Acontece que estes acordes, acontece que estes sons, acontece que estas letras, acontece que esta voz, poderosamente melancólica, que se atém àqueles anos, fala de um tempo que foi nosso. Um tempo único e exemplar. Porque, no meio da exiguidade, no meio da fome e do grito de fome, como ele o faz, no meio da mais abjecta miséria material, ainda havia algum humanismo, ainda éramos capazes de partilhar o que tínhamos e não tínhamos tanto como isso – fosse sal, fosse açúcar, ou uma côdea de pão duro. Os vizinhos conheciam-se e falavam-se. Eram solidários. Não tínhamos chegado a este egoísmo, a este grau exacerbado onde os que têm tudo flanam pelas ruas ou nas redes sociais os seus pertencentes, muitas vezes ilegítimos, tantas vezes gongóricos, outras tantas infelizes. Tempos em que criámos uma elite mais preocupada consigo do que com o bem comum. Onde os que não têm nada estão destinados ou condenados ao infortúnio e à infâmia. Naquele tempo todos nós ainda tínhamos esperança de haver um futuro, de vivermos um futuro que a Independência nos havia prometido, havia entre nós um desígnio, parece que tudo isso foi vencido. Espero, no entanto, que não tenha sido uma derrota.

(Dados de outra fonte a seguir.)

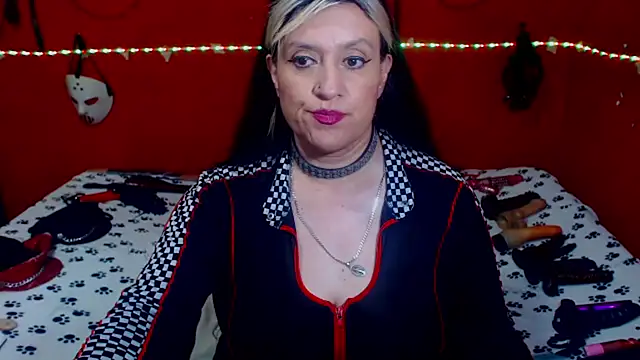 MATURE_Randy's cam snapshot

Este disco é de um tempo anterior a este sentimento de perda e a esta angústia do desespero e, provavelmente, de resignação. Este disco é anterior a este momento deprimente. Há aqui uma felicidade e um júbilo. Retorno a este sentimento enquanto oiço, outra vez, como se fosse a primeira vez, “Nkhululeko”. Este regozijo. Este disco, todo ele, é belo. Belíssimo, quero eu dizer. Todo este disco é a expressão de um momento criativo espantoso. Quis o destino e quis a fortuna que José Mucavele não se ativesse a este momento auspicioso da sua criação. E que compusesse muito mais obras. Eu sou admirador indefectível de uma canção belíssima e também melancólica, posterior a este disco, creio eu, que se chama “Balada para as minhas filhas”. É uma obra-prima. Quando oiço esta balada, empolgo-me até às lágrimas. Tal é a sua beleza. Outro dia, traduzi-a para a minha filha, se é que é possível traduzir o que há de mais belo na invenção e na arte. Se eu fosse compositor gostava de ter feito “Balada para as minhas filhas”. É a quinta-essência da sua invenção e um dos momentos altos da música moçambicana. Voz e violão. Nesta música vê-se o grande poeta José Mucavele, vê-se o grande esteta, o grande cultor da sua língua e magistral inventor de  metáforas. O que Atravessando Rios denunciara, ou aquelas composições que lhe são anteriores, também, haviam prenunciado – anunciado. Aqui está o poeta do amor, do futuro, da bondade, da liberdade. Creio serem estes os grandes valores da música de José Mucavele, o homem que canta o amor e a liberdade, o homem que sonha a bondade – sublinho a bondade, tão deserdada de nós hoje – , entre os outros, entre todos. O futuro. É um hino ao futuro esta balada, apelo aos valores, aos grandes valores – muitos deles defenestrados no presente -, ao conhecimento como forma de liberdade, à bondade entre os homens, à esperança. Esta canção carrega dentro de si metáforas fortes de uma dimensão social, ética e estética profundíssimas e engrandecedoras, uma bela canção de amor às filhas, finalmente. Eu queria saber cantar isto para a Mayisha Imara. Oiço de novo José Mucavele, esta noite. Oiço-o – como o ouvia aos 18 anos – com veemência sublinhada, com encanto desarmado e com uma candura desprevenida.